Il y a de cela une vingtaine d’années, le Maroc a pris bon gré mal gré le chemin de la libéralisation économique suite aux réformes imposées par le FMI et la Banque mondiale, chemin souvent drapé d’allure moderniste, et présenté aux citoyens marocains sous les qualificatifs solennels d’«ouverture», de «mise à niveau de l’économie» et de «modernisation», et dont la mise en pratique s’est en partie concrétisée par des accords de libre-échange totalement asymétriques tel que celui en vigueur depuis 2006 avec les USA.

La théorie économique et l’histoire nous apprennent qu’une économie en voie de développement n’a intérêt à s’ouvrir à la concurrence mondiale que dans la mesure où elle dispose du potentiel technologique nécessaire, à même de lui permettre d’imposer les termes d’échanges favorables à son économie. Sans quoi, le libre-échange condamne la dite économie a une situation structurelle de dépendance technologique et économique, et à la ruine progressive de ses secteurs économiques ciblés par l’accord, situation que Frédéric List décrit avec lyrisme et lucidité dans «Système national d’économie politique» en parlant de la théorie du libre-échange en ces termes : «Cette théorie vantée n’aurait été construite si large et si haute que pour cacher des armes et des soldats, comme un autre cheval de Troie, et pour nous porter à abattre de nos propres mains les murs qui nous protègent».

L’illusion de prospérité dans laquelle nous vivons à travers la création et la mise en place de projets d’infrastructures grandioses, dont on ne maîtrise quasiment aucune technologie et de centres commerciaux pharaoniques, masque en réalité une situation alarmante de dépendance technologique et économique quasi totale vis-à-vis des pays développés. C’est en fait l’expression d’un choix, celui d’avoir donné la priorité à l’importation de richesse à forte valeur ajoutée, plutôt qu’à la création de richesse, au détriment du potentiel industriel et technologique national qui déborde de talents et de compétences qui n’attendent qu’un cadre adéquat pour s’exprimer et s’épanouir au lieu de s’expatrier à l’étranger. Le pouvoir de créer des richesses est infiniment plus important que la richesse elle-même.

Ainsi, la nécessité d’instaurer un protectionnisme éducateur, ou, en d’autres termes, un rattrapage technologique ciblé, par une logique de remontée de filière dans un cadre protégé et appuyé par une volonté politique volontariste ne fut jamais aussi pressante, dans un monde de plus en plus globalisé et soumis à une planification économique par les marchés financiers et les agences de notations qui n’hésitent pas à imposer leurs dictats aux Etats en termes de politique de rigueur et de conduite économique, avec l’aval et la bénédiction de la Banque mondiale et du FMI.
 
Pour l’instant, c’est la logique de surconsommation à court terme qui domine, et qui s’est progressivement substituée à la logique d’épargne et de long terme, base de tout développement industriel.
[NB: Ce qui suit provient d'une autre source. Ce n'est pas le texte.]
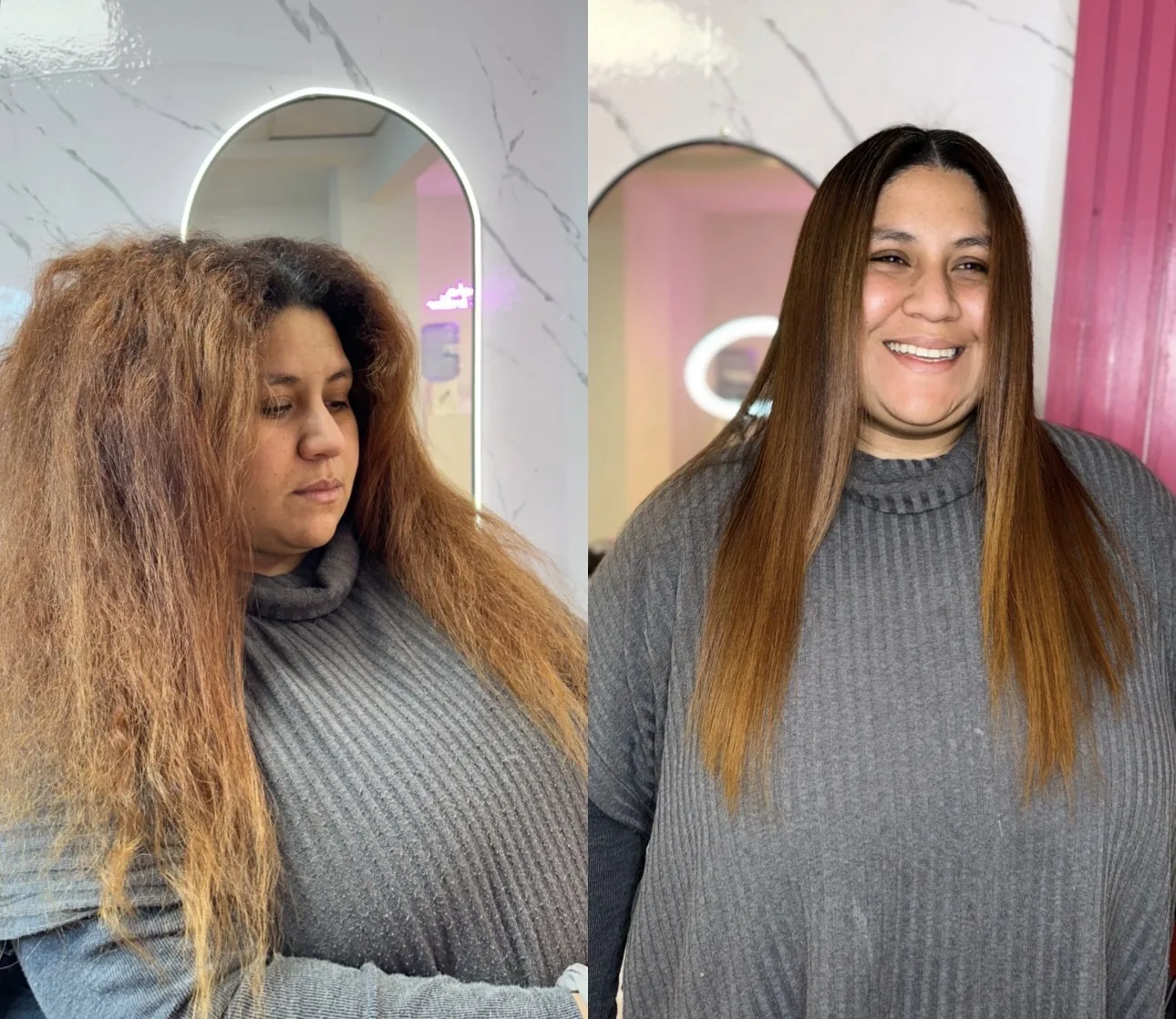 Antes y después de cabello cobrizo con rostro visible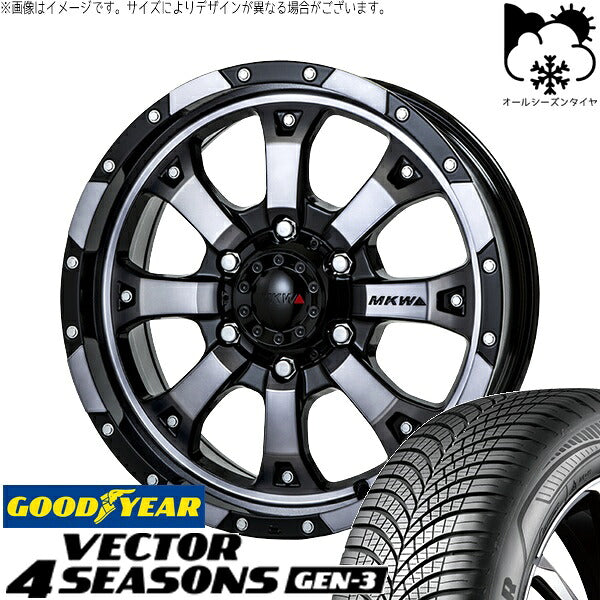 グッドイヤー ベクター4シーズンズ GEN-3 205/60R16 + MKW MK-46 ダイヤカットグラファイトクリア 16インチ 7J +42 5H114.3P オールシーズン・ホイール4本セット。1枚目。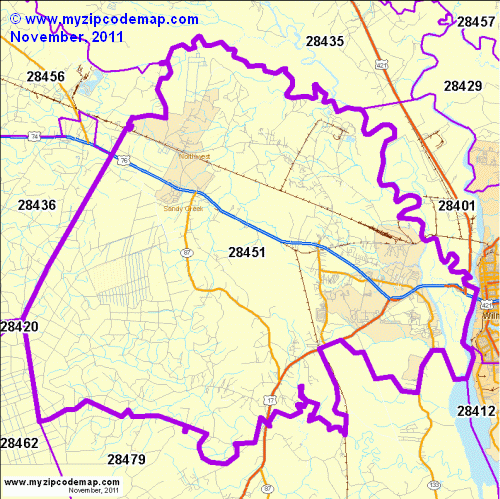 map of 28451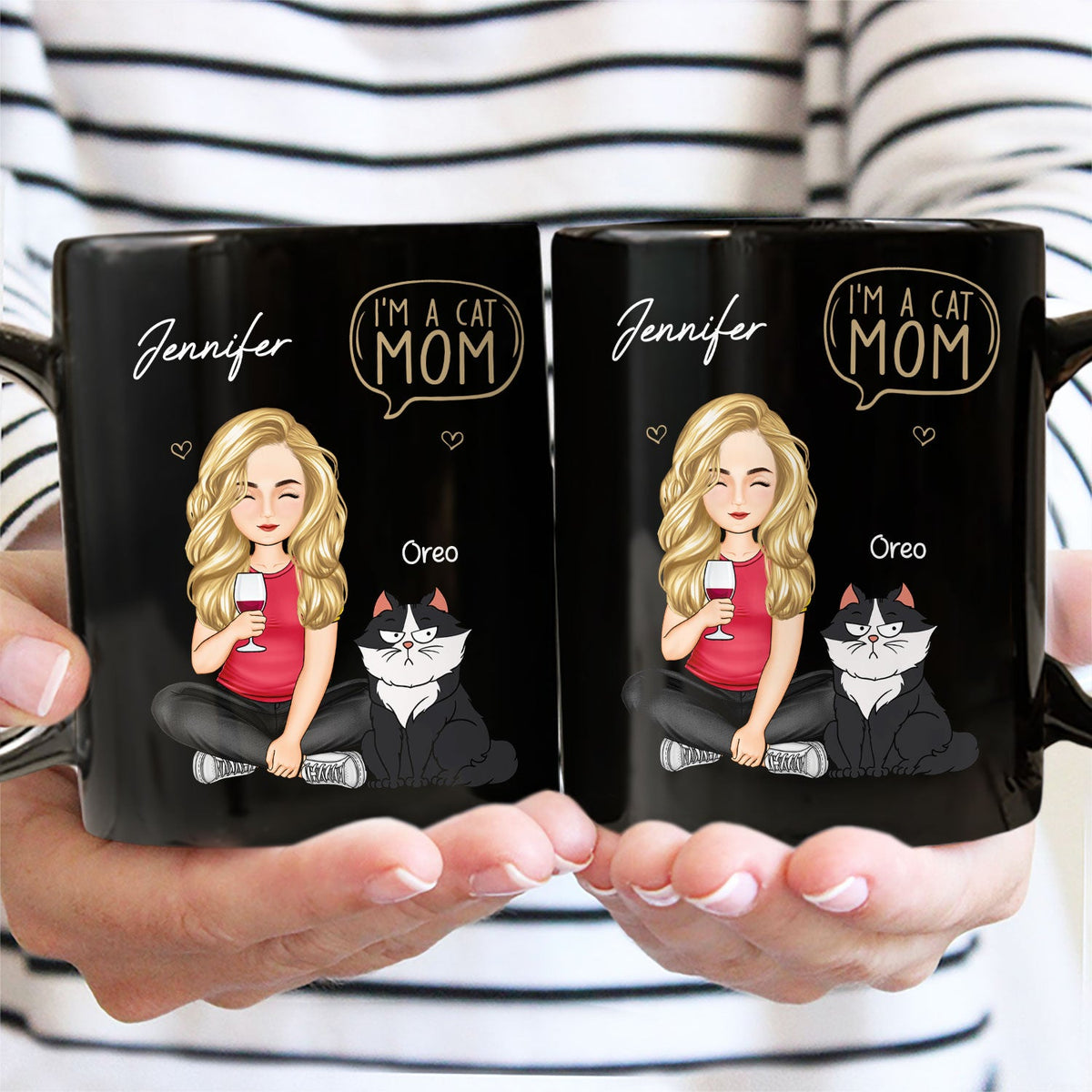 Cat Mom Cat Dad I'm A Cat Person - Gift For Cat Lovers - Personalized Black Mug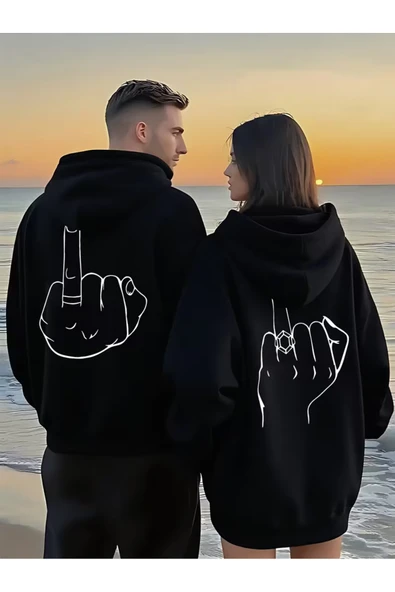 Oversize Hoodie Grafik El Çizimi Baskılı – Unisex Kapüşonlu Sweatshirt Streetwear 2'li Set ürün görseli 1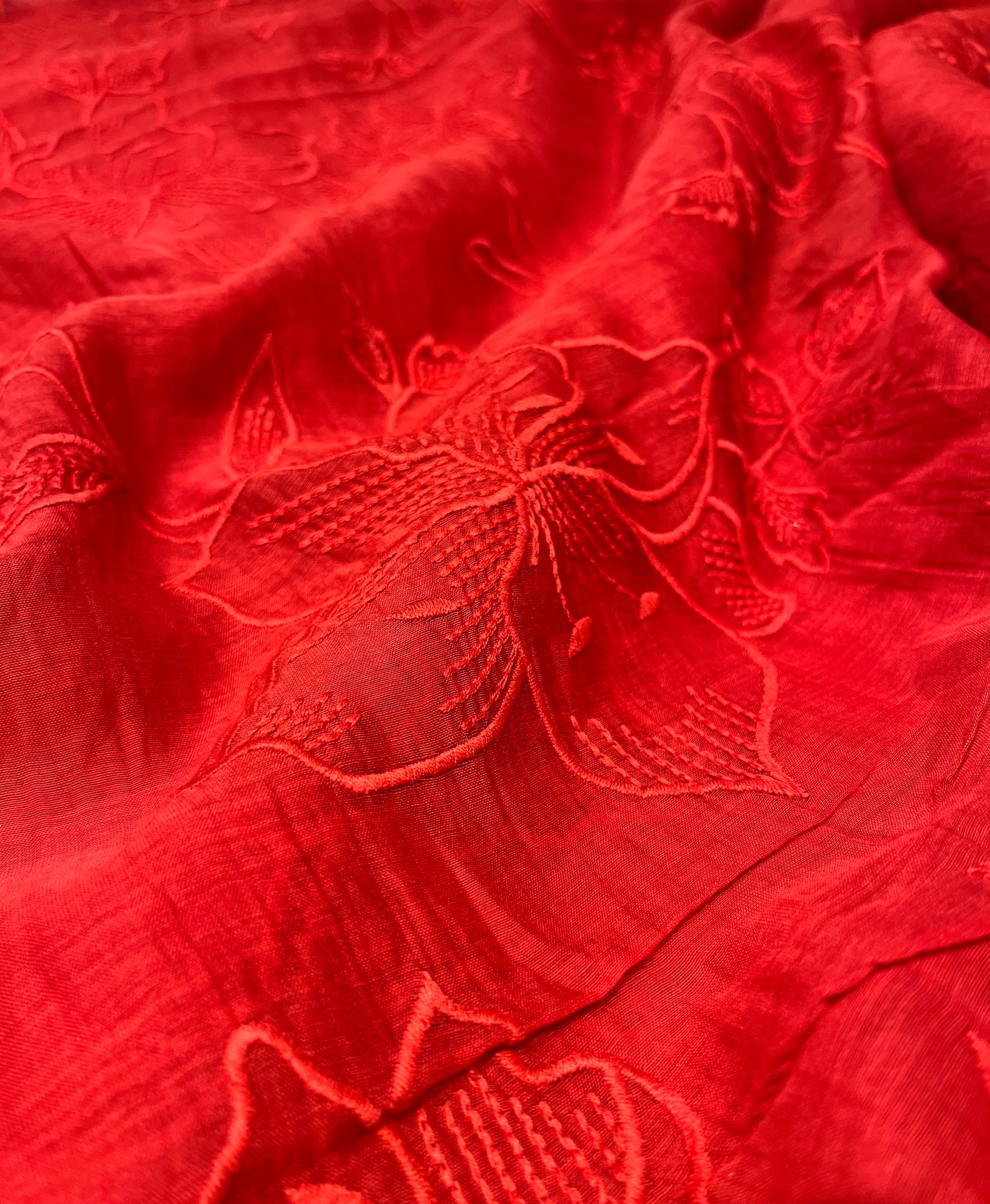 RED COLOUR, MUL CHANDERI RESHAM EMBROIDERED SAREE & SCALLOP BORDER BY SIDDHAIKA - Kothari Sons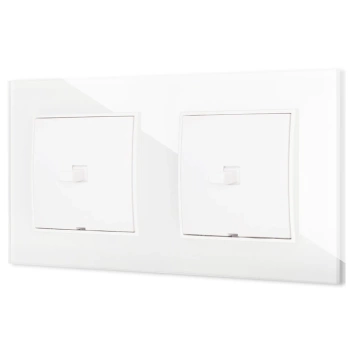 Dwa włączniki pojedyncze w stylu USA ramka kwadratowa efekt szkła seria ICON kolor biały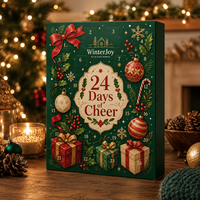 Caja de Calendario de Adviento de Chocolate Vacía con Impresión Personalizada, Empaque de Regalo para el Cuenta Regresivo de Navidad de 24 Días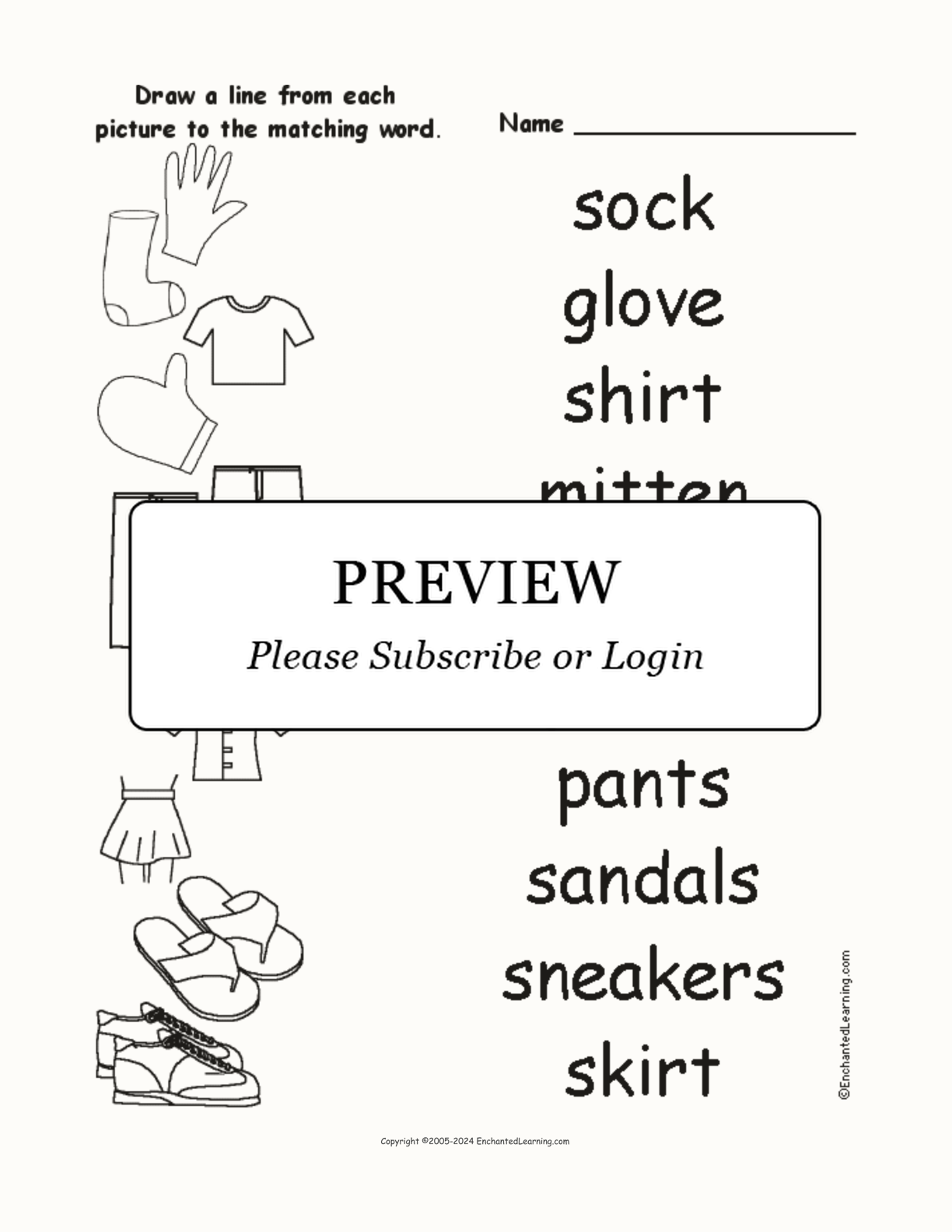 Match the Clothing Words to the Pictures interactive worksheet page 1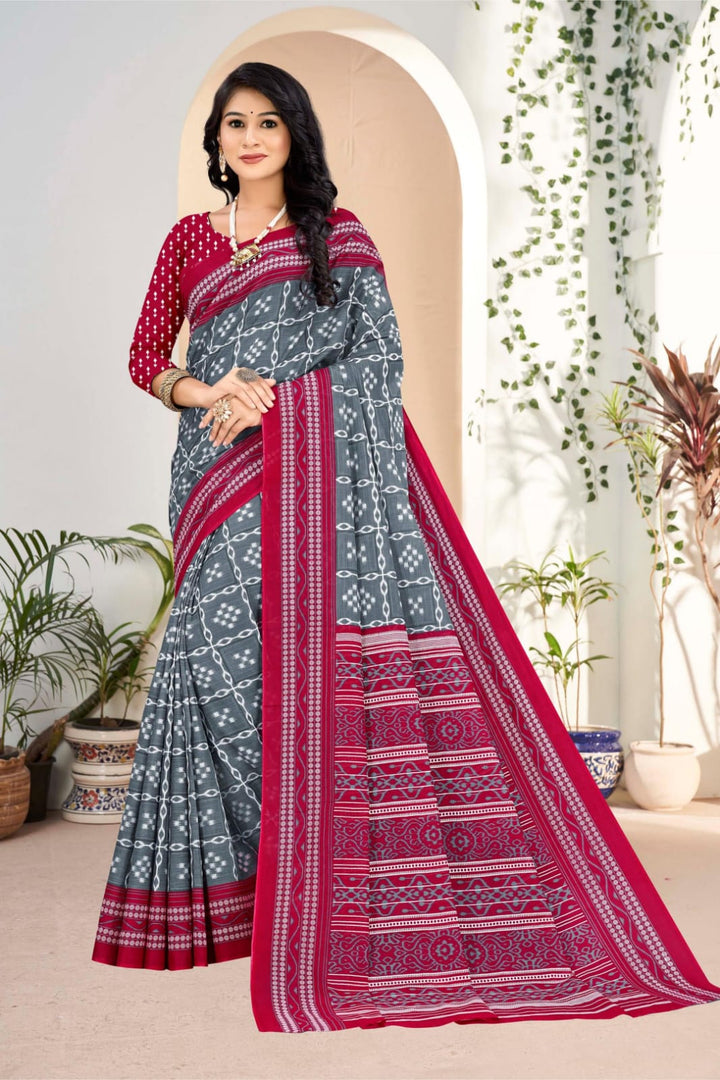 Stunning gray and burgundy saree with unique tribal artistry, perfect for cultural and formal events.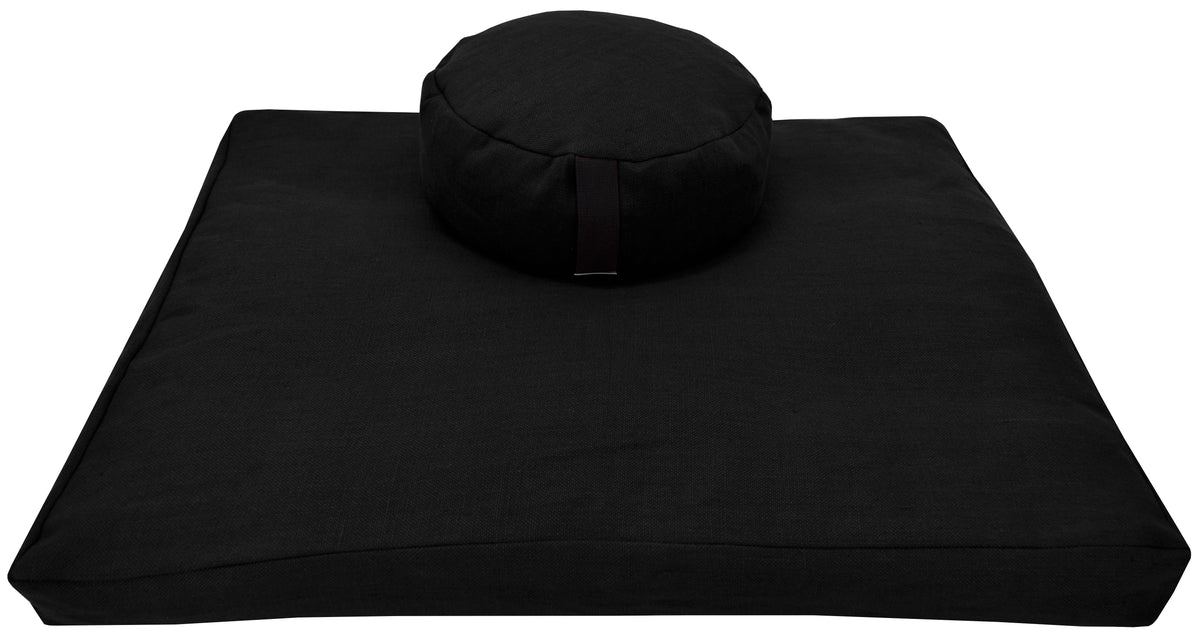Minimalist black hemp zafu and zabuton set with organic buckwheat hulls for comfortable meditation posture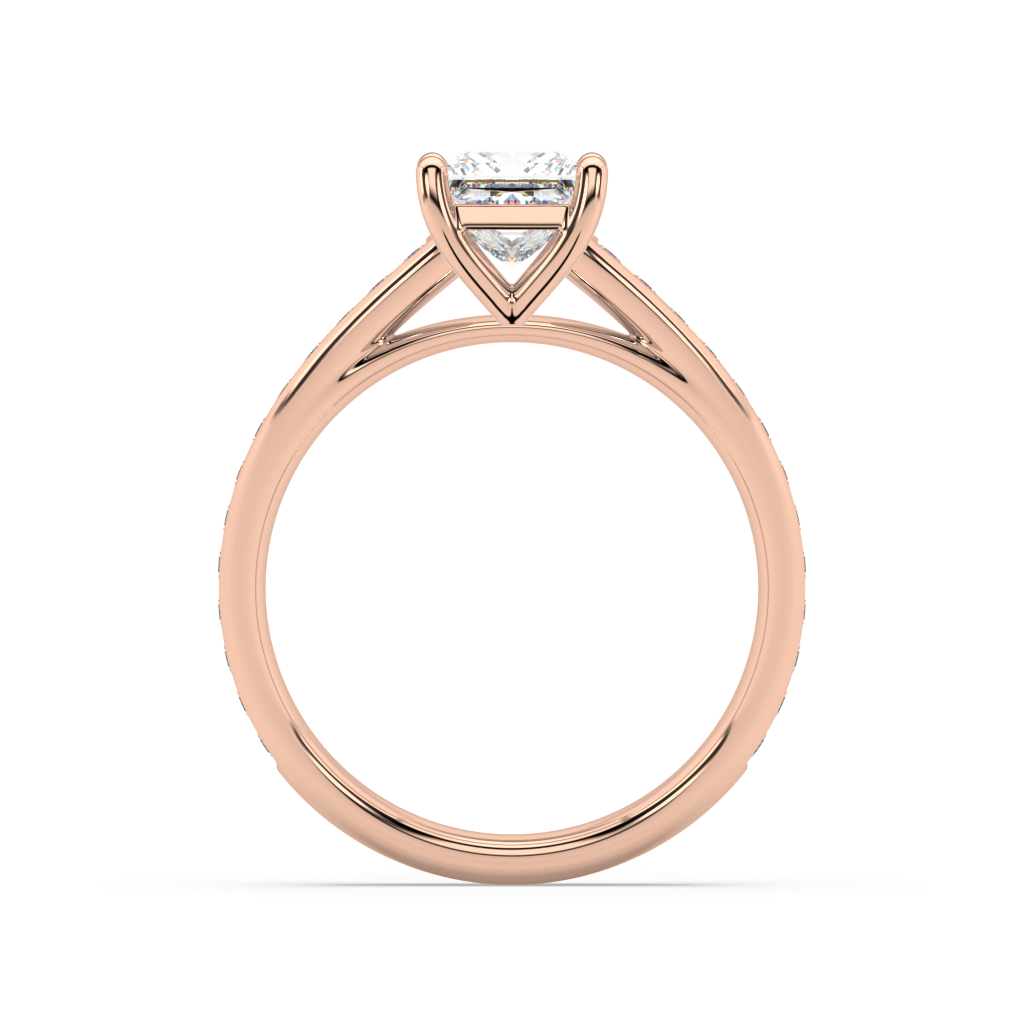 Carmen Classic Prong Princess Cut Lab Grown Channel 18K Engagement Ring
Cette mécanique de surconsommation s’articule autour de trois axes :

- Réduction de la liberté au désir ;
- Réduction du désir à l’acte d’achat ;
- Facilitation et stimulation de l’achat par le crédit de consommation.

Faute de pouvoir se désengager de ces accords de libre-échange et de cette logique de surconsommation, du fait de l’absence d’une volonté politique en ce sens, mais aussi du fait de l’actuel rapport de force au niveau international, l’ultime recours demeure le «patriotisme économique», forme subtile de protectionnisme économique, connue également sous le qualificatif de «protectionnisme culturel». Beaucoup de produits que nous importons, notamment dans le domaine de l’agroalimentaire, sont ou peuvent être produits au Maroc. Ainsi, si chaque Marocain adoptait un principe de «préférence nationale» qui se traduirait par le fait de choisir le produit marocain plutôt que celui importé quand la possibilité lui est offerte, en plus d’en ressentir un sentiment de fierté d’avoir accompli un acte moral dans l’intérêt de la nation, cela pourrait provoquer dans l’éventualité d’une adhésion massive à ce mode de consommation un choc par la demande intérieure, qui par les simples mécanismes du marché stimulera l’emploi du fait de la nécessité de recruter de nouveaux travailleurs en vue de répondre à la nouvelle demande, réduira le volume des importations superflues et augmentera le chiffre d’affaires des entreprises marocaines, et donc des recettes de l’Etat par le biais de la fiscalité.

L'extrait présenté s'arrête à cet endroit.